Wie kann man bei einer Siemens LOGO! in einen Meldetext eine Zustandsanzeige eines Ausgangs implementieren ?

Ich stelle mir das so vor:

Text: "Pumpe: EIN" bzw. "Pumpe: AUS" wobei das EIN/AUS natürlich dynamisch dem Zustand des tatsächlichen Ausgangs Qx entsprechen soll, so lange der Meldetext aktiv ist.

Wie man eine gemessene Temperatur zur Anzeige bringt, parametrieren etc. ist mir klar.

Vorschläge?

Viele Grüße,

Jörg


----------



## vierlagig (5 Januar 2008)

...so?


----------



## logomat (5 Januar 2008)

Hallo Vierlagig,

vielen Dank für die Antwort. Irgendwie dachte ich mir dass ich diese Antwort bekomme...

Ich möchte nicht dass je nach Zustand ein anderer Meldetext angezeigt wird.
Ich habe eine Art "Übersicht Meldetext". Der Sieht so aus:

Temp1 =  34,5°c
Temp2 =    4,7°C
Pumpe:
Heizung:

Es andelt sich dabei um EIN Meldetextfenster. Die Temperaturen kommen von zwei PT100 Sensoren und so lange der Meldetext angezeigt wird, werden diese Temperaturen auch aktualisiert.
In der Zeile "Pumpe" bzw. "Heizung" möchte ich nun erreichen dass je nach Zustand eben ein "EIN" bzw. "AUS" erscheint.

OK, mit VIER Meldetextfenstern welche entsprechend umgeschaltet werden würde ich das auch realisieren können, dies ist aber nicht mein Ziel.

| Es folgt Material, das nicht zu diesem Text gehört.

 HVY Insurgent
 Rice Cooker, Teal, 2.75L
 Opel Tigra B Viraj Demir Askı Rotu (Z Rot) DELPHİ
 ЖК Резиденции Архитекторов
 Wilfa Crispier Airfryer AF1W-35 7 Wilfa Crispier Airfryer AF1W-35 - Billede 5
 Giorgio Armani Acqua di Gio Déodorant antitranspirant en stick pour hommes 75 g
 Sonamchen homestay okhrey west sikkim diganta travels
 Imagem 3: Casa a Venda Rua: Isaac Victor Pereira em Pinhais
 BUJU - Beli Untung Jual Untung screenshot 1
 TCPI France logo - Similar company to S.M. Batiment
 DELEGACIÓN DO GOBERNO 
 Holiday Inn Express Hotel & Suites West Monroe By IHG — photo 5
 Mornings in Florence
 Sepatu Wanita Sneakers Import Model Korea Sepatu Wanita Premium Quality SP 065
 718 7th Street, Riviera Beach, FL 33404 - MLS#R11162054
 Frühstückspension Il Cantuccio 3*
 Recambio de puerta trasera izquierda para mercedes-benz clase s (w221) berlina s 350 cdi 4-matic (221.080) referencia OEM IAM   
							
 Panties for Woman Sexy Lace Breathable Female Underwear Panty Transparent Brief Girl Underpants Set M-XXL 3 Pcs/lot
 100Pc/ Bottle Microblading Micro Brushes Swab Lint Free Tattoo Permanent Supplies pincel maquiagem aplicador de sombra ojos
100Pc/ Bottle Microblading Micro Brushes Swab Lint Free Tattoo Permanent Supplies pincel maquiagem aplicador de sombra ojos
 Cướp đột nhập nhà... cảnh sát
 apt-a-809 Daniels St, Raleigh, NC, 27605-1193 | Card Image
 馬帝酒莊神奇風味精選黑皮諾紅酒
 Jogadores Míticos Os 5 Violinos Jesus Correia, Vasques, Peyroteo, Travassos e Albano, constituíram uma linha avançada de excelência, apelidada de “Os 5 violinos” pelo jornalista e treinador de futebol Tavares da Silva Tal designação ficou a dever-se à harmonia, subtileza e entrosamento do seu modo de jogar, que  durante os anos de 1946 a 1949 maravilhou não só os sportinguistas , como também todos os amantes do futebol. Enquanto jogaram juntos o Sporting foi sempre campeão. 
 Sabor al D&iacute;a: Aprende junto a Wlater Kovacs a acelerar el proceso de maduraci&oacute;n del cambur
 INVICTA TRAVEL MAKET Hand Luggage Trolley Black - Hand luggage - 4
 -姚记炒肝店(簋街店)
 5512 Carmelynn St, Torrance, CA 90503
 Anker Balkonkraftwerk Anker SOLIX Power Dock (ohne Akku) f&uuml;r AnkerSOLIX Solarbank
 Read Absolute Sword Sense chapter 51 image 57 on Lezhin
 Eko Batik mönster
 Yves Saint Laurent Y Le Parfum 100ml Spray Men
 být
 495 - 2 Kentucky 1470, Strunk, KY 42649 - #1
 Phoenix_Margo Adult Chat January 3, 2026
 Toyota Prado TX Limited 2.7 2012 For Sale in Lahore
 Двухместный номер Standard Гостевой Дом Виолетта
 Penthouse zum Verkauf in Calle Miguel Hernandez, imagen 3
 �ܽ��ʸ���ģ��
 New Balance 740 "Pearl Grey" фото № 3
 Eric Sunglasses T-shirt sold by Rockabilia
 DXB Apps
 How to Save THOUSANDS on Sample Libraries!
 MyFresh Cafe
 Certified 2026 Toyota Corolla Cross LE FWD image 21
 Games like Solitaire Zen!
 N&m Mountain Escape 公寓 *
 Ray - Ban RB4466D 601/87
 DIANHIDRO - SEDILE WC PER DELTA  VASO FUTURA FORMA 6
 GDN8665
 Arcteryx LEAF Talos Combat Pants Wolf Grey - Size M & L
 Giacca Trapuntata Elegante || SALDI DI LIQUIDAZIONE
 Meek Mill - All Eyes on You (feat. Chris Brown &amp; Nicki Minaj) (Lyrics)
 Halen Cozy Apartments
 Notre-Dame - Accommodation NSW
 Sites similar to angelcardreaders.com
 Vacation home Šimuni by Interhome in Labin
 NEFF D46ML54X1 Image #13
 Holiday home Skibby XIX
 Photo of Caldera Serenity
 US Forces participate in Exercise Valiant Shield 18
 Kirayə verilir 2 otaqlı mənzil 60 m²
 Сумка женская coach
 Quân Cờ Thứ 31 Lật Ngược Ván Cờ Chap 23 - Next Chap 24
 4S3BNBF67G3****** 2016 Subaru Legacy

Geht das denn nicht dass man da einen "Zustandstext" dynamisch während der Anzeige des Meldetextes einfügen lässt ? Temperaturen oder andere "Ax" Parameter von Blöcken gehen ja offensichtlich.

Danke für die Hilfe!

Grüße,

Jörg


----------



## vierlagig (5 Januar 2008)

also ich sehe kein problem bei vier meldetexten, maximal 10 kannste ja anlegen ...


----------



## lorenz2512 (5 Januar 2008)

hallo,
im anhang mal als beispiel, wenn dir 0 oder 1 als anzeige reichen. beispiel entzippen und laden.


----------



## vierlagig (5 Januar 2008)

lorenz2512 schrieb:


> hallo,
> im anhang mal als beispiel, wenn dir 0 oder 1 als anzeige reichen. beispiel entzippen und laden.



schöne lösung *thumbsup*


----------